▶ Instructions for the task:
What you return must be an exact copy of the lines in the listing below between the line holding "Алмазна картина Strateg Панда в тиші 30х30 см DEEX16308 Алмазна" and the line holding "abstraction 22 Women", inclusive, and nothing more.

▶ Exercise data:
┏━━

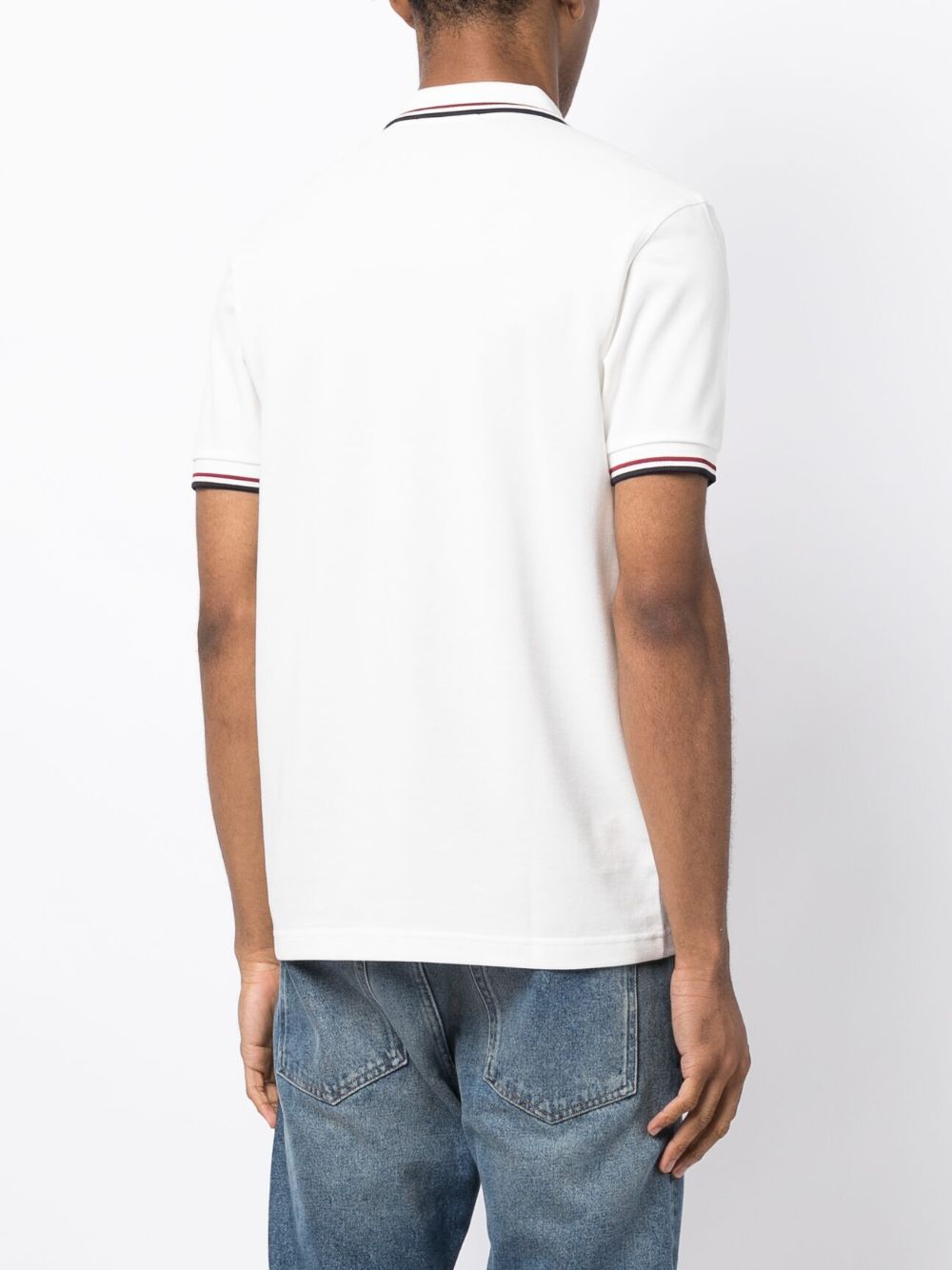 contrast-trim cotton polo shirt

┗━━
┏━━

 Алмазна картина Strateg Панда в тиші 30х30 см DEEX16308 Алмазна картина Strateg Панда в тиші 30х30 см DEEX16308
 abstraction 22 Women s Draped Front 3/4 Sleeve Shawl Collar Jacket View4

┗━━

▶ Exercise solution:
 Алмазна картина Strateg Панда в тиші 30х30 см DEEX16308 Алмазна картина Strateg Панда в тиші 30х30 см DEEX16308
 abstraction 22 Women s Draped Front 3/4 Sleeve Shawl Collar Jacket View4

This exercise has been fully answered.